__What to do__. This task calls for the lines below starting at the one containing "HAG FUTU Mesh" and ending at the one containing "2 кім + вулика", repeated exactly with both ends kept and pictures left out.

__Listed entries__.

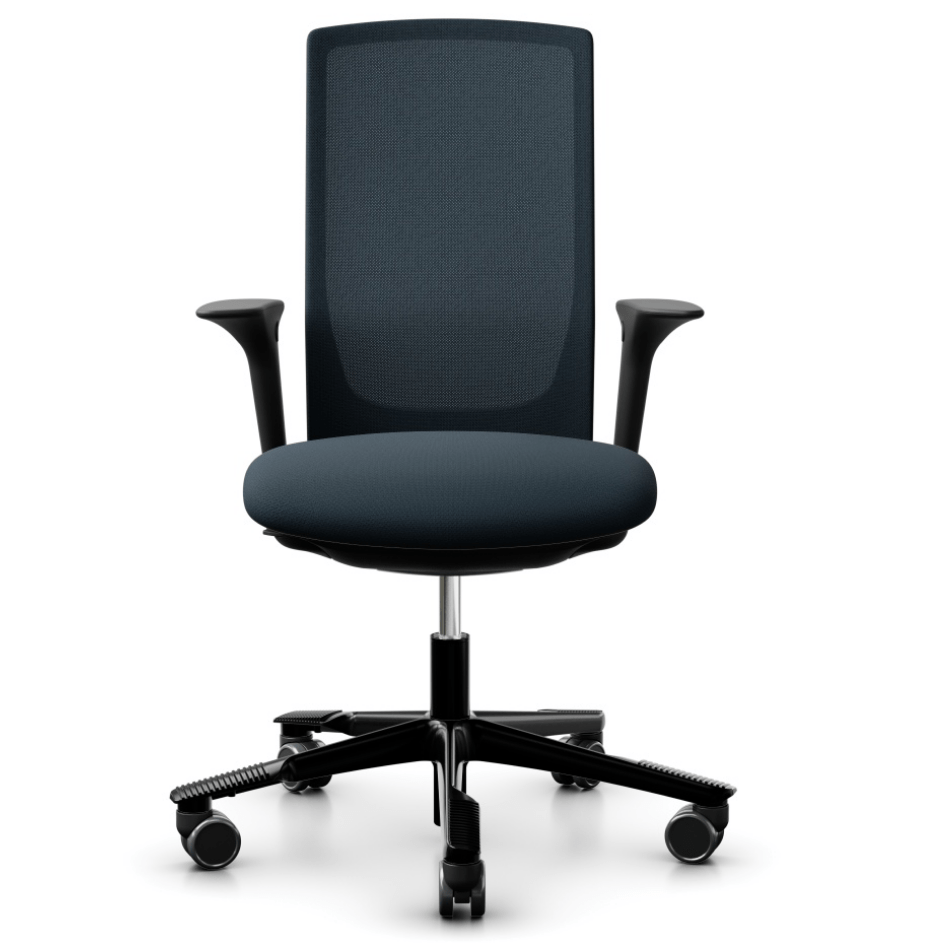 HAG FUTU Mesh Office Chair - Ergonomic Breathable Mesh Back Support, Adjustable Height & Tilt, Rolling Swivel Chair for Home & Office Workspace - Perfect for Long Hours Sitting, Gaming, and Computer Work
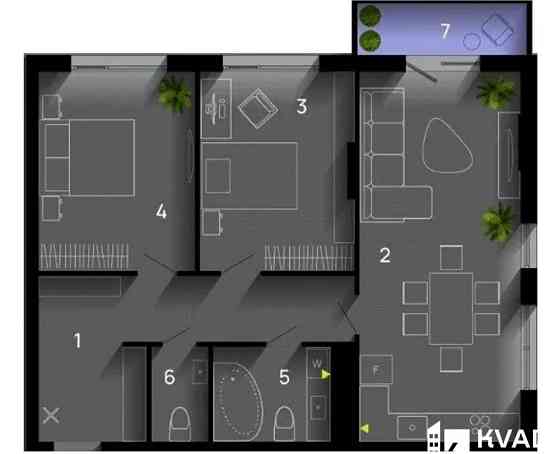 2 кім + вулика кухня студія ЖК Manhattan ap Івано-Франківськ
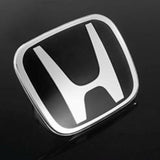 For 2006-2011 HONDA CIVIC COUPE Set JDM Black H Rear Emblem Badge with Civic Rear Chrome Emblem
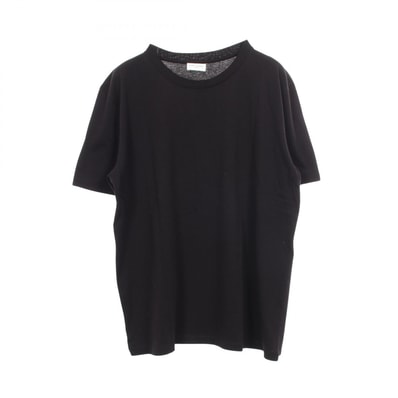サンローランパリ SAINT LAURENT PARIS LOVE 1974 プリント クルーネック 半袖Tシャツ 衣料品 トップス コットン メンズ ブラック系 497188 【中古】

---

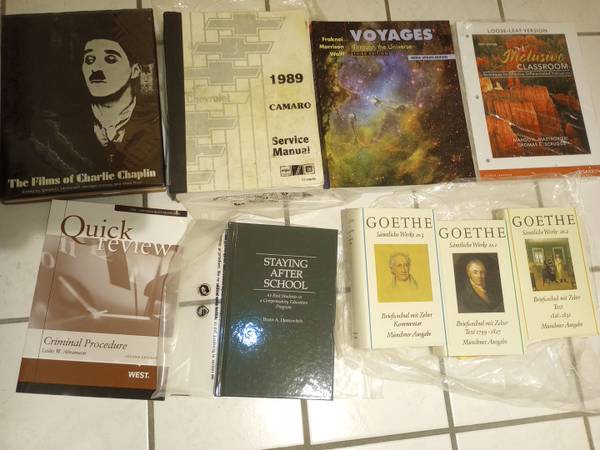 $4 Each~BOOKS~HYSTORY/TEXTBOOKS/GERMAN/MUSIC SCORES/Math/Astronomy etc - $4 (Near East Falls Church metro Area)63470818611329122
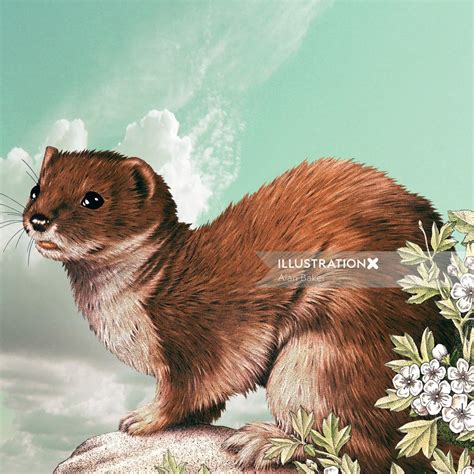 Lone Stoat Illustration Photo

__Written response__.
 HAG FUTU Mesh Office Chair - Ergonomic Breathable Mesh Back Support, Adjustable Height & Tilt, Rolling Swivel Chair for Home & Office Workspace - Perfect for Long Hours Sitting, Gaming, and Computer Work
 2 кім + вулика кухня студія ЖК Manhattan ap Івано-Франківськ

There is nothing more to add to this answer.